As Irving looks to move on and find a franchise he can call his own, judging by the teams he’s reportedly interested in, it’s obvious that he’s in search of an impactful legacy, not necessarily a team that’s contending at this very moment. At the very least, it would be interesting to know whether he would consider the Sixers or not.
For Colangelo and the franchise, their return to respectability, despite the excitement surrounding them, is surrounded by uncertainty and “if” scenarios…
If Joel Embiid can stay healthy…
If Ben Simmons is as good as advertised…
If Markelle Fultz is the real deal…
On the other hand, Kyrie Irving is a sure thing. So if Bryan Colangelo got a call from the Cavaliers, at the very least, he would listen.

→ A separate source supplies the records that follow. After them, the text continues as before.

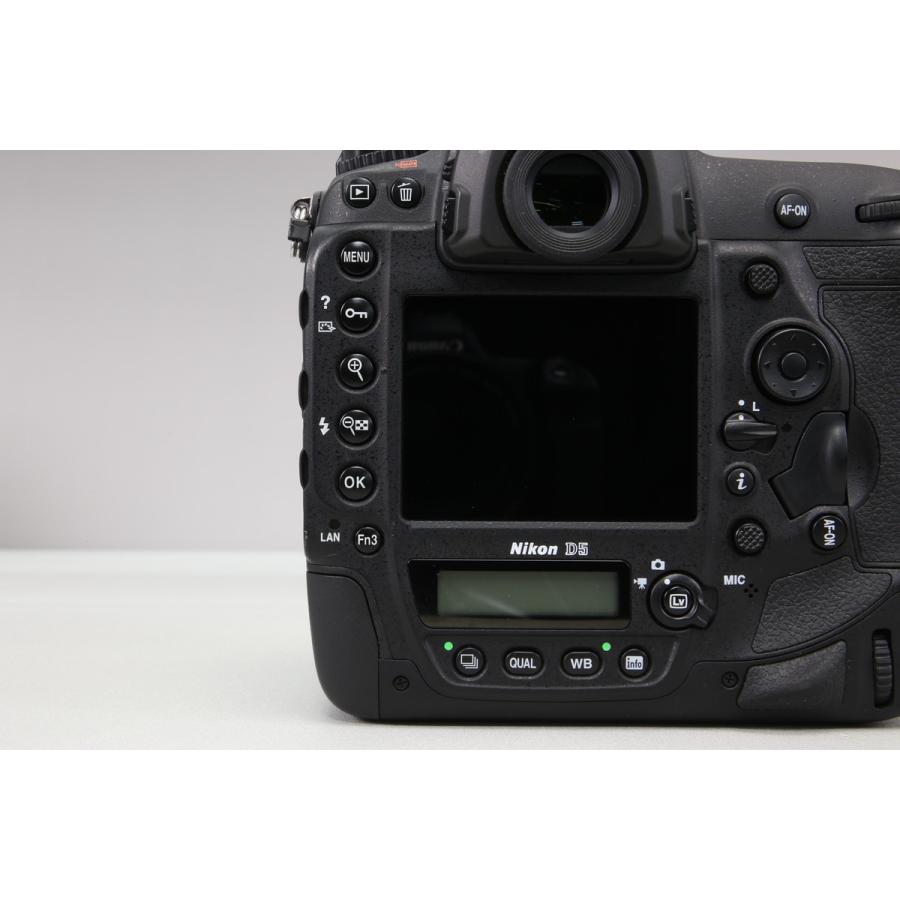美品｜シャッター数 4200回] Nikon D5 ボディ XQD-Type [バッテリー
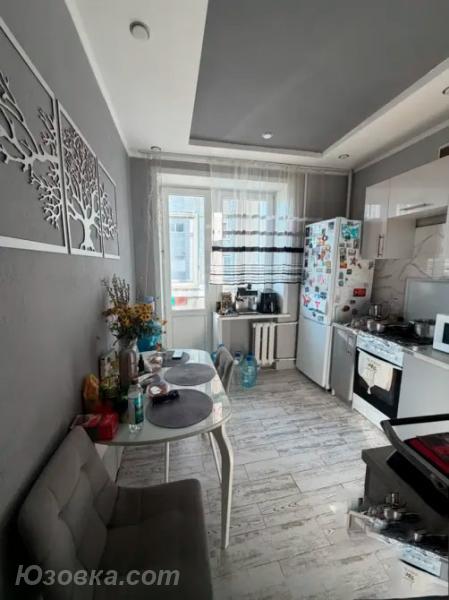 3-комн. квартира, 82 м², вторичка, 7/9 эт., ДОНЕЦК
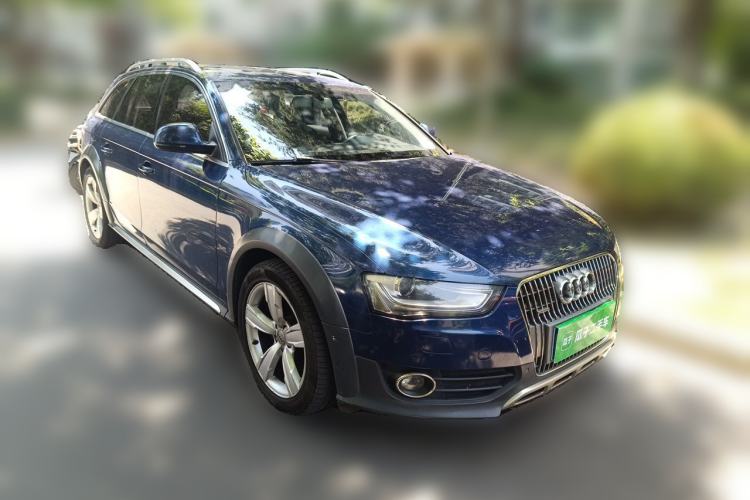 Used Audi A4 2014 40 TFSI allroad quattro plus version Front Right 45 Deg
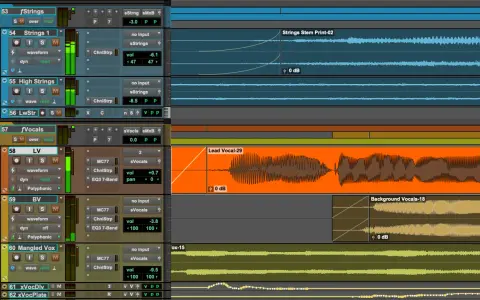 Dans ce meilleur DAW, des pistes de cordes, de voix principales et d'accompagnement sont visibles, avec des formes d'onde audio et des réglages de volume.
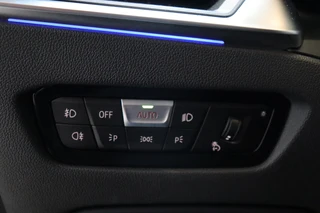 BMW 3 Serie Sedan 320i High Executive M Sport Pakket Automaat  / Live Cockpit Professional / Schuif-/kanteldak / Achteruitrijcamera / Stoelverwarming / DAB / Shadow Line / Apple CarPlay / LED / 19 Inch / Extra Getint Glas / 35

With LeBron James already seeming to have one foot out the door, for the Cavs, the most prudent thing to do when entertaining trade offers for Irving it to imagine that he’s already gone. He has the power to end the speculation over his future, and especially with Irving’s status hanging in the balance, could easily notify management of his intention to remain long term and encourage the team to move Irving for pieces that will continue to help him contend today.
Short of that, the Cavs should do what James has been for all these years—acting in its own best interest.
Engineering a trade that sends Irving to Philadelphia in exchange for future assets would be exactly that.